Back at Echo Point, we took one more short hike down a steep staircase that leads onto one of the Three Sisters (which sister it is, I cannot say, but I’m sure she’s the prettiest).

View from a Sister:katoomba5

This staircase, called the Grand Staircase, affords the opportunity to descend 1,000 steps, but then one must also come back, and that is for the much more fit than myself. Returning from our Sister Stopping Point just 75 or so steps down was enough of a cardiovascular workout for me.

On the way out of town, we stopped and paid another visit to our Messianic friends at Common Ground, where they were still busy. We split vegetarian nachos and a sandwich. It was one of the best lunches I can recall. It’s no wonder they remain so crowded.

The proprietor at our B&B mentioned that the most popular season for the Blue Mountains is July because Sydneysiders like to get out of town for some Alpine style winter wonderland. What a funny concept.

Summer is coming up soon. And by Summer, of course, I mean Winter.

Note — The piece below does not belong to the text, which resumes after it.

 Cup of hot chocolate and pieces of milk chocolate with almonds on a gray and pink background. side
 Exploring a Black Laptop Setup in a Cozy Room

One thought on “The Blue Mountains

  1. niftypearl

    Wow Cristin! Thank you for sharing this!

    Are you saying that being pretty is an imperative for happiness? ALL the sisters are beautiful! Your photos are really incredible, you must have a fancy camera, and if you don’t I will love you all the more!

    YOU and NEB are beautiful, and we love you ~ safest of adventures!